(What needs to be done):
Please copy exactly every line from the one that contains "30-06-2021 Tour De" to the end of the data below, with both ends included and no other lines.

(Records shown):
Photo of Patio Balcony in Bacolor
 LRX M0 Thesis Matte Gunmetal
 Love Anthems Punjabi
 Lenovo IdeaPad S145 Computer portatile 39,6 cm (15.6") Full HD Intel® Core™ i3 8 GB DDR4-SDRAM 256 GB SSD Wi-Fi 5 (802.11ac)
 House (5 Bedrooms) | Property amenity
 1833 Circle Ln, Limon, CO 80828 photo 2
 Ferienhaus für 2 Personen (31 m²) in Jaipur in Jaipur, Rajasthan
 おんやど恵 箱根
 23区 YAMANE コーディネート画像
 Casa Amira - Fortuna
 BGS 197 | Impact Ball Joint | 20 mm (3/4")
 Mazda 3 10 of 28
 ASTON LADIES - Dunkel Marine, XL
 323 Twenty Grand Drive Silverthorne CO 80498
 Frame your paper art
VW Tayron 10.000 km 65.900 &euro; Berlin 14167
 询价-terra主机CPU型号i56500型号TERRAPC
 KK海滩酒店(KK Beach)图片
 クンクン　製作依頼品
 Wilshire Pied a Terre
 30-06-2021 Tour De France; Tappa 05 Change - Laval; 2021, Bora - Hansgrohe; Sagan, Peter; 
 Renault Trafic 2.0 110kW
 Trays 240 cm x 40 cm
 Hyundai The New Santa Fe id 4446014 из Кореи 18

(Answer below):
 30-06-2021 Tour De France; Tappa 05 Change - Laval; 2021, Bora - Hansgrohe; Sagan, Peter; 
 Renault Trafic 2.0 110kW
 Trays 240 cm x 40 cm
 Hyundai The New Santa Fe id 4446014 из Кореи 18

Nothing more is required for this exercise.